Provided data
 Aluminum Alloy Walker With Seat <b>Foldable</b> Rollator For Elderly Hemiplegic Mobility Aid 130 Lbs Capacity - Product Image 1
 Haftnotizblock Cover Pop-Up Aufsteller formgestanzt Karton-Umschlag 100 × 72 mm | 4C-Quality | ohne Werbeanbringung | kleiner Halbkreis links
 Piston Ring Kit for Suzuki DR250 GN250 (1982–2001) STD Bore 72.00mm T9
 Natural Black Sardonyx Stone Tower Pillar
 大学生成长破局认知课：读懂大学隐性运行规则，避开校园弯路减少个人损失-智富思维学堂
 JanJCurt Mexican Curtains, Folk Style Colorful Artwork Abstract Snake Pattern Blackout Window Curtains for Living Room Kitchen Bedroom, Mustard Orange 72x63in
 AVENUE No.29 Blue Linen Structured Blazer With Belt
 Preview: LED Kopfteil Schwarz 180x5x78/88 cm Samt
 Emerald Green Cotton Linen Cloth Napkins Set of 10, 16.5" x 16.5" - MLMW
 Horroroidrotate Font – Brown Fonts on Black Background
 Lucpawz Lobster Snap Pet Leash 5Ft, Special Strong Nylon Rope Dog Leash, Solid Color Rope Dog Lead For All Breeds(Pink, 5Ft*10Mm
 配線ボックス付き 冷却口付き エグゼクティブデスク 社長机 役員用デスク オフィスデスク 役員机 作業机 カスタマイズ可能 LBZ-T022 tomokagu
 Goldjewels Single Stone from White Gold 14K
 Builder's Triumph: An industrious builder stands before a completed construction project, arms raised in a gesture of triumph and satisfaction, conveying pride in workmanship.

What needs to be done
The response should contain each record above, retyped exactly.

Result
 Aluminum Alloy Walker With Seat <b>Foldable</b> Rollator For Elderly Hemiplegic Mobility Aid 130 Lbs Capacity - Product Image 1
 Haftnotizblock Cover Pop-Up Aufsteller formgestanzt Karton-Umschlag 100 × 72 mm | 4C-Quality | ohne Werbeanbringung | kleiner Halbkreis links
 Piston Ring Kit for Suzuki DR250 GN250 (1982–2001) STD Bore 72.00mm T9
 Natural Black Sardonyx Stone Tower Pillar
 大学生成长破局认知课：读懂大学隐性运行规则，避开校园弯路减少个人损失-智富思维学堂
 JanJCurt Mexican Curtains, Folk Style Colorful Artwork Abstract Snake Pattern Blackout Window Curtains for Living Room Kitchen Bedroom, Mustard Orange 72x63in
 AVENUE No.29 Blue Linen Structured Blazer With Belt
 Preview: LED Kopfteil Schwarz 180x5x78/88 cm Samt
 Emerald Green Cotton Linen Cloth Napkins Set of 10, 16.5" x 16.5" - MLMW
 Horroroidrotate Font – Brown Fonts on Black Background
 Lucpawz Lobster Snap Pet Leash 5Ft, Special Strong Nylon Rope Dog Leash, Solid Color Rope Dog Lead For All Breeds(Pink, 5Ft*10Mm
 配線ボックス付き 冷却口付き エグゼクティブデスク 社長机 役員用デスク オフィスデスク 役員机 作業机 カスタマイズ可能 LBZ-T022 tomokagu
 Goldjewels Single Stone from White Gold 14K
 Builder's Triumph: An industrious builder stands before a completed construction project, arms raised in a gesture of triumph and satisfaction, conveying pride in workmanship.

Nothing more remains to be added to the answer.